__What you have to do__
Copy the listing below exactly. Pictures stay out of it.

__Data section__

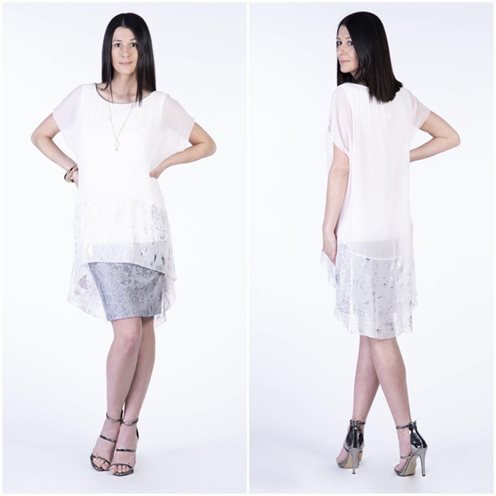 Sukienka z narzutką złote zdobienie róż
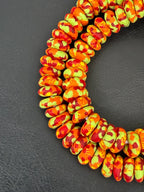 Handmade Orange, Lime Green & Crimson Fused Krobo Rondelle Recycled Glass Beads | Sustainable African Designer Beads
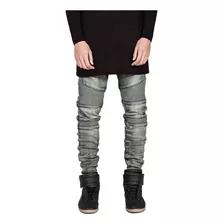 Moda Masculina Jeans Slim Biker Com Design Amassado .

__Reply__
 Sukienka z narzutką złote zdobienie róż
 Handmade Orange, Lime Green & Crimson Fused Krobo Rondelle Recycled Glass Beads | Sustainable African Designer Beads
 Moda Masculina Jeans Slim Biker Com Design Amassado .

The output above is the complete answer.